If I’ve heard anything this pregnancy more than “This baby is going to change your life for the better”, and “Nah dude, your life is over”, it’s “When I was pregnant, we didn’t even have ultrasounds!”
Apparently this means that my generation was born in the late Mesozoic Era, because these days, ultrasounds happen more frequently than me getting up at night to empty my bladder (last night’s count was five, by the way).
By the time my son is born, I will have had five ultrasounds–including the latest elected one–in 3D.
It may shock you to hear that at 31 (gross, I’m 31), I am not the first woman of my generation to produce a child. As a result, I’m already very familiar with this technology. Patented in 1987, 3D ultrasounds have become more and more popular mostly in the last decade, with private clinics popping up everywhere, charging (mostly) first-time parents (and up to six guests!) an arm and a leg for half an hour of 3D womb watching.
However, not everyone chooses to have a 3D ultrasound, and for good reason.
The going rate for these sessions can range anywhere from $150-$250 for up to 30 minutes of three dimensional fetus voyeurism, with “extras” (DVD recordings, printed photos and kitschy keepsakes) that can easily add up to at least half of that total.
Also, 3D images of an unborn baby may not be for everyone.
Truthfully, before this whole knocked-up business, 3D ultrasounds kind of weirded me out. Let’s be honest–it is kind of weird. These children aren’t even born yet, and here we are, piled into a cozy room filled with couches and big screen TVs, clambering to see its parts like it’s some sort of bizarre creature on display at the circus.
Why can’t we wait a couple more months and see the real thing?

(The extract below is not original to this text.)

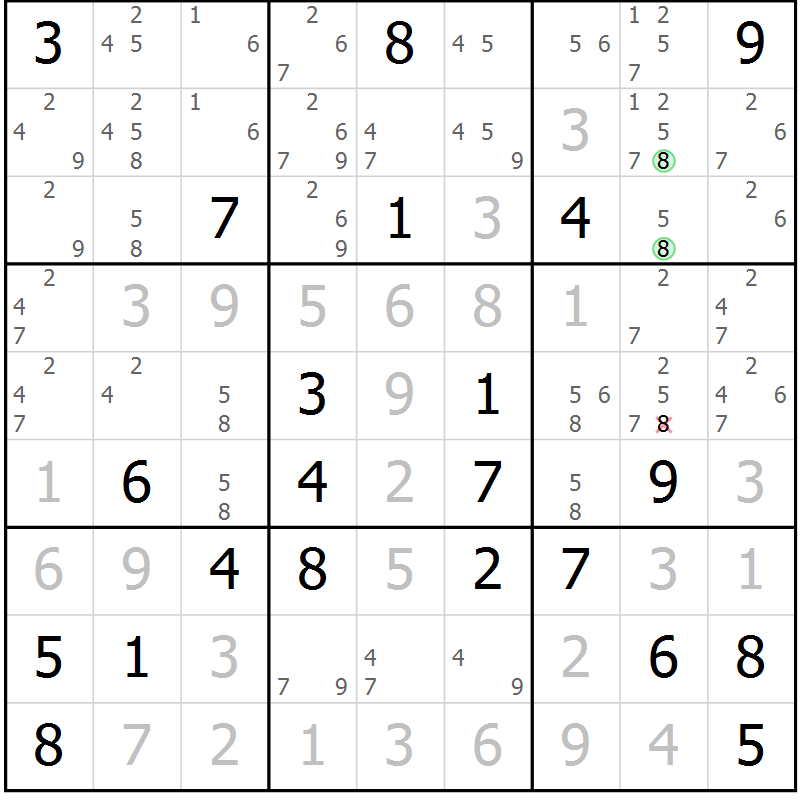 Position des candidats pour la solution de la Gr 16 page 19 du magazine de sudoku Virtuose n° 110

I’m chalking it up to our culture of want–our generation’s desire to have everything now. Instant gratification. Technology in the palm of our hand.
But technology is far from perfect. The 3D ultrasound is a fantastic example of this. Sure, it’s certainly more detailed than your standard black-and-white sonogram, but it’s not quite live (you’ll have to pay 4D prices for that!), the colour is a little off-putting, and images often appear distorted.
Here’s an example of my son with a giant hole in his face.
And here’s his spot-on impression of Jabba the Hutt.
But at the end of the day–and here’s the part where I get cliché and sentimental so bear with me–I’m grateful for the experience.
Not only was I able to share the first images of my son with close friends and family members, I also got to see him in stunning detail for the first time.
Sure, not every picture was a winner.
Yes, my wallet–already stretched way too thin in preparation for his arrival–is a little lighter today.
But he’s got 10 perfect fingers and toes. He’s starting to get a little chubby. He already has hair (which really puts my ongoing, irrational fear of having a bald baby to rest), and he’s definitely still a boy.
Most importantly, he has my nose. And I see my dad in every little facial expression he makes.
So if you still think all of that is totally creepy, remember that Kim Kardashian and Kanye West got a 3D printout of their fetus in utero, so go suck an egg.